The message, reinforced repeatedly: trust isn’t built through one-off audits or checklists, but through transparency, guidance, and a willingness to build resilient, innovative, risk-aware systems together.
Compliance vs innovation
When it comes to AI, the line between compliance and innovation isn’t always clear. Are organisations forced to choose between the two?
RealVNC and Panzura made it clear the answer is no.
For Chris Beagle, Senior Partner Manager, RealVNC, “Security and compliance can enable innovation, rather than inhibit it.” Real-time performance data and robust security create the ideal environment for AI to enable progress, without compromising compliance. With the right technology, AI’s full potential can be used while still meeting regulatory demands.
Nicola Houghton, Partner Manager International, Panzura explains that robust metadata management makes it possible to meet regulatory requirements without holding back innovation. “Leveraging metadata to gain deep understanding means organisations don't have to choose between innovation and regulatory requirements; they can have both.”
There’s no doubt that the EU AI Act has moved compliance and risk management from the sidelines to the centre of the channel conversation. But as our vendor insights show, the organisations that will thrive aren’t those that treat compliance as a tick-box exercise…they’re the ones that make transparency, partnership, and accountability part of their everyday operations.
Three things stand out to me:
Data matters more than ever. Quality, traceability, and stewardship are non-negotiable for anyone deploying AI.

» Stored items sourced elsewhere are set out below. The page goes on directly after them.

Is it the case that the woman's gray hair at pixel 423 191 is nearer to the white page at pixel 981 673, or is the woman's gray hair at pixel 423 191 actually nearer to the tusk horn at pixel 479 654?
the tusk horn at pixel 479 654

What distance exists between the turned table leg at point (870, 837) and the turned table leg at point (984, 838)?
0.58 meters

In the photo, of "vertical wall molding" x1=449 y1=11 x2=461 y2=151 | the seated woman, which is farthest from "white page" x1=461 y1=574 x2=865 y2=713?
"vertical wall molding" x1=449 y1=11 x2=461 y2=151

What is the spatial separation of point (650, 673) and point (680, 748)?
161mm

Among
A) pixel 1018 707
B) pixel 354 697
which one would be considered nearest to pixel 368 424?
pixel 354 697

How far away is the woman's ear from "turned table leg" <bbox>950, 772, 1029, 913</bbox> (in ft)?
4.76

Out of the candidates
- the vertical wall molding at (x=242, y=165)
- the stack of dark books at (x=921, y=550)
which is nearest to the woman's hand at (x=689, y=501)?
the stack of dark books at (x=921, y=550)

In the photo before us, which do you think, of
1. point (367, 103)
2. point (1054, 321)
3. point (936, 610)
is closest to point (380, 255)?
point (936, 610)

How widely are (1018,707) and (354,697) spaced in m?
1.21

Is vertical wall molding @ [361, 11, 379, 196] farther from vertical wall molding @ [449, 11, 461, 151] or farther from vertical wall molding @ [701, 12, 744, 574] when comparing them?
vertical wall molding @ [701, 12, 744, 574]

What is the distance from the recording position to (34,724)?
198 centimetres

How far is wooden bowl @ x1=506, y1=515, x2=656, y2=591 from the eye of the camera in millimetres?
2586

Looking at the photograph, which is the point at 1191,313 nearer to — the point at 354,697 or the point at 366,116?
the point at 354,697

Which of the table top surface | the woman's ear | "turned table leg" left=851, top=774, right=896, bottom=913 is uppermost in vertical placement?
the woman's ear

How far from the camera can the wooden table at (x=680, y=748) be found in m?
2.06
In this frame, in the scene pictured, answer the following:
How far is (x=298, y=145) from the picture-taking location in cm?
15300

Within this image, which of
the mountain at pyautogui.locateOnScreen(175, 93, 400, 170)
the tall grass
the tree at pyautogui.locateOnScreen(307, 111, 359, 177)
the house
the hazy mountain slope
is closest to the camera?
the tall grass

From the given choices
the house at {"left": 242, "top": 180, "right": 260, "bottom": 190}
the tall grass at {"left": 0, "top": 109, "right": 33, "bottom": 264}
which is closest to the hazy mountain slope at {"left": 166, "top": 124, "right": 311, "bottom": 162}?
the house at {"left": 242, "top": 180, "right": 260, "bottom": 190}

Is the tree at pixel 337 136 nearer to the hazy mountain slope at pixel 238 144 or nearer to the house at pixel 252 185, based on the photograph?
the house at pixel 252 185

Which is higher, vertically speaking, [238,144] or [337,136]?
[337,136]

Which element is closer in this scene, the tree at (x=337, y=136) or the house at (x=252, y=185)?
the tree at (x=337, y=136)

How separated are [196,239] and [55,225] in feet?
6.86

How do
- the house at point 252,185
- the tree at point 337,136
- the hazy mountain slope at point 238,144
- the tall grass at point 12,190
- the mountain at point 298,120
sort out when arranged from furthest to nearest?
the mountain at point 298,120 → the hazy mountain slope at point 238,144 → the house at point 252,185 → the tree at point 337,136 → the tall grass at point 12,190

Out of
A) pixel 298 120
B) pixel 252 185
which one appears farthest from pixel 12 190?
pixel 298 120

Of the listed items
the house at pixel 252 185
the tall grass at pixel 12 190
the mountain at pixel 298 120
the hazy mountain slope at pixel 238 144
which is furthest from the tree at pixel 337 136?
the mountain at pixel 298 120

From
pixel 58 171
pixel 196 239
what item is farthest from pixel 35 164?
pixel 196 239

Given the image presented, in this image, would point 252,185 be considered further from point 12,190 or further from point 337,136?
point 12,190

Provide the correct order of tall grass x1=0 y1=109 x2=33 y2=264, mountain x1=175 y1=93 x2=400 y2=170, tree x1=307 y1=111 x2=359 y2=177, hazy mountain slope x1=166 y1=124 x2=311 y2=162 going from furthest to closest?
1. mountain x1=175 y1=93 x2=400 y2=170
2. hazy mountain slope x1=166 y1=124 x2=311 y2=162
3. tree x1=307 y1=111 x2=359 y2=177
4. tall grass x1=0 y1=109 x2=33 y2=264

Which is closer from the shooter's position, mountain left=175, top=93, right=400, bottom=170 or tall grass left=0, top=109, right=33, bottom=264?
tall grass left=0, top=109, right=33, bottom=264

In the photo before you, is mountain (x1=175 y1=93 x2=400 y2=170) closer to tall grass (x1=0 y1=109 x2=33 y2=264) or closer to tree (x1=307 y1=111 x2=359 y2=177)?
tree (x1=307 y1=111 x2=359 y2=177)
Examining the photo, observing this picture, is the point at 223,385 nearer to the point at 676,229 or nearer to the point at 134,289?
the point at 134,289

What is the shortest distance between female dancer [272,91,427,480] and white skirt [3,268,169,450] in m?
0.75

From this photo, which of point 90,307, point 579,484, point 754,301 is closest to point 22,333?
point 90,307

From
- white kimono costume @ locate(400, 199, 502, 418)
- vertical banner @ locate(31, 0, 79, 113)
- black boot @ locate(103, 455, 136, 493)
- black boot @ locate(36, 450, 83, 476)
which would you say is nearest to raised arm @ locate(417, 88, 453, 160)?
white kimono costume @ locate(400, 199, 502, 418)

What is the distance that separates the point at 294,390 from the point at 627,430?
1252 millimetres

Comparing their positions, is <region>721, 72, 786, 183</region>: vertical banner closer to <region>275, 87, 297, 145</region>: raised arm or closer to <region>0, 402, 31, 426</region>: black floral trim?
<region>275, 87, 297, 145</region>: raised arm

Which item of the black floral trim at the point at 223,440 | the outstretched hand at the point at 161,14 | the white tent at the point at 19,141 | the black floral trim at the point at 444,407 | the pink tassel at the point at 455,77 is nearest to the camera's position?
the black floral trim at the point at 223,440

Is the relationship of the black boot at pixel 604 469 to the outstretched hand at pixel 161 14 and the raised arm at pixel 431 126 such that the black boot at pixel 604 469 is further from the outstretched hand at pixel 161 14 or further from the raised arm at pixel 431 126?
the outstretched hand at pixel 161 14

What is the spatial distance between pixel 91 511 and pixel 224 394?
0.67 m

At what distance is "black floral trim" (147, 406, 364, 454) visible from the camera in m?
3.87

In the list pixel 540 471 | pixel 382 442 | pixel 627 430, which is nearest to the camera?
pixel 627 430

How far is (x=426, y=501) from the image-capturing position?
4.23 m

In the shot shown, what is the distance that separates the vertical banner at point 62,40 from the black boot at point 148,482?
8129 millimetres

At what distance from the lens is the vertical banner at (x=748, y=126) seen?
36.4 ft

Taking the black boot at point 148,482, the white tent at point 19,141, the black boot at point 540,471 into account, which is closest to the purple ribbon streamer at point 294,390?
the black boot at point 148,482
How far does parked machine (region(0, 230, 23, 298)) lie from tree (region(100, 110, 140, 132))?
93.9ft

Compliance is not a one-off project or an annual review. It’s a continuous process built into architecture, documentation, and daily practice.
None of this happens in isolation. AI success in the channel is a collaborative, iterative process—no single vendor, partner, distributor, or technology holds all the answers for embedding AI responsibly and sustainably. Getting this right means learning together, adapting together, and being prepared to challenge one another along the way.